Elogio delle ferie d’agosto
di FERDINANDO PASTORE (Pagina FB)

La sintesi dello spirito cosmopolita e imprenditoriale dell’esistenza è racchiusa nella purtroppo osannata filippica di Sergio Marchionne contro la dispersiva e indolente abitudine nazionale di lasciare vuoti gli uffici per tutto il mese di agosto. Da poco nominato capo supremo della Fiat, si stupì dell’assenza completa del personale nel momento in cui l’azienda versava in uno stato di crisi: in America, sottolineò il nostro, se ne fregano di agosto, loro lavorano senza soste. L’Italia, dunque, piace per visitarla in vacanza ma non per investire denari. Gli aspiranti business men, i solerti quadri manageriali delle multinazionali ma anche tutto quel ceto politico, tecnico e giornalistico sempre in vetrina con camicie bianche arrotolate fino ai gomiti, con parte del mondo professionale più di tendenza, salutarono quelle parole come una svolta sintattica del costume nostrano.

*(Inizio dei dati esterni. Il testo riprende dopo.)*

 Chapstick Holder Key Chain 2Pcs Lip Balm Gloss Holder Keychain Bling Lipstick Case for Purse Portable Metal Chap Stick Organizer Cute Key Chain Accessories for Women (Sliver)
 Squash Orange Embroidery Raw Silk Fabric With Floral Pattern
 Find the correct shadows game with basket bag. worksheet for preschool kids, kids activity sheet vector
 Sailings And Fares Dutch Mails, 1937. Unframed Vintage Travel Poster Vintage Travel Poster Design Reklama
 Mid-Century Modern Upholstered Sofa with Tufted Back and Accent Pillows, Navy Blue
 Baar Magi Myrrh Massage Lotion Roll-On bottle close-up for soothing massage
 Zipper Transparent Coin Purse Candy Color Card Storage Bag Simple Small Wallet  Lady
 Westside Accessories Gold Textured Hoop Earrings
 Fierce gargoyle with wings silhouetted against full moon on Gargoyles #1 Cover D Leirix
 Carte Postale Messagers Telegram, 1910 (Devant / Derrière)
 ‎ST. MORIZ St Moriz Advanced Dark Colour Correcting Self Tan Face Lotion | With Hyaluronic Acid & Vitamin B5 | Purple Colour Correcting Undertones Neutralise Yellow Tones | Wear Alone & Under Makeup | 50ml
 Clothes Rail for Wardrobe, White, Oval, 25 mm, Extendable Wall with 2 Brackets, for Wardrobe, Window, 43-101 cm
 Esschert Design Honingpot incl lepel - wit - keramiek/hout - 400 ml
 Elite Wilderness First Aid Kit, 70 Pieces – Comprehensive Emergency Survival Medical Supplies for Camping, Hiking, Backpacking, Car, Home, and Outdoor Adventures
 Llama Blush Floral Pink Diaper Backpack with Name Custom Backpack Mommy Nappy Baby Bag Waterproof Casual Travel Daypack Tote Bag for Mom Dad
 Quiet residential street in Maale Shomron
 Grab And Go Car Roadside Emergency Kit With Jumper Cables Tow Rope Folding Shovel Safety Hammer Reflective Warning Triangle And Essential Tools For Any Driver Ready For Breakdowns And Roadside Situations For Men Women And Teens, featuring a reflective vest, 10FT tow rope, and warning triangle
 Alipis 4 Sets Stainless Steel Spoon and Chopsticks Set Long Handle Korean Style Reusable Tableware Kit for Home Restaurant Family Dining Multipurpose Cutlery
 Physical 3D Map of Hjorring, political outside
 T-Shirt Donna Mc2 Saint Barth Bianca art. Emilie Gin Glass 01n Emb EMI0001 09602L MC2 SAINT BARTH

Finalmente un sano protestantesimo efficientista varcava le Alpi per sanificare in un sol colpo sedimentate pigrizie vacanziere, cocomeri lasciati a rinfrescare a riva, pance gonfie e tese orgogliosamente messe in mostra sui bagnasciuga dei nostri mari calmi dove nessuno fa surf. Un vero e proprio scandalo l’Italia: per ben un mese si ha il coraggio di abbandonare la postura prestazionale delle giornate per preferire l’inconcludenza delle chiacchiere di paese. Il sudore arroventato degli esodi di massa, la promiscuità tra classi sociali distanti per censo, cultura, posizione professionale, il brulichio di corpi arrostiti dal sole che schiamazzano nelle spiagge, contraddicevano l’esclusività portata dalla dedizione rarefatta, impersonalmente identica a sé stessa, all’ufficio, ai meeting internazionali in diretta da Milano, e al raggiungimento dei bonus e degli incentivi concorrenziali.
Meglio non mischiarsi con quella mistura di creme abbronzanti, di musica rumorosa, di conversazioni capaci di dilatare il corso del tempo senza misurarsi mai con la virtuosità del profitto. Più cool sparire di tanto in tanto per dei weekend rigeneranti con voli last minute. Tonificare menti e personalità con l’aria condizionata dei grandi hub del turismo d’élite, con gli spazi concepiti perché a tutti sia concesso di percepirsi parte dello star system per almeno mezza giornata, con il viaggio emotivamente esperienziale in canyon o deserti esotici, per poi tornare diligentemente a inebetirsi con curve di fattibilità o con target prestazionali che vorrebbero indorare lo sfruttamento.
Agosto, al contrario, il lungo agosto italiano, quando il cemento delle città sprofondava nel silenzio, quando l’ingorgo dell’autostrada del sole allarmava la protezione civile con la distribuzione di acqua fresca, contribuiva a fortificare la democrazia. Il ritorno nei paesi d’origine accomunava il destino di padroni e lavoratori, di ricchi e poveri. Tutti rimasticavano il dialetto, tutti potevano sorridere dei piccoli pettegolezzi della piazza. Anche il lungo conflitto sociale dell’inverno rumoroso trovava una quiete nel cibo di prossimità, nelle tavolate di reminiscenza contadina; vecchi, giovani, padri e madri, signori e cafoni si confrontavano senza l’assillo cronometrico dell’orario, di un cartellino, senza l’ossessione totalitaristica per la performance.
Il nostro agosto, ormai stemperato dopo anni di precarietà e di flessibilità lavorativa che inchiodano al ricatto delle imprese, era un gioiello da esportare, persino in America. Altro che Marchionne.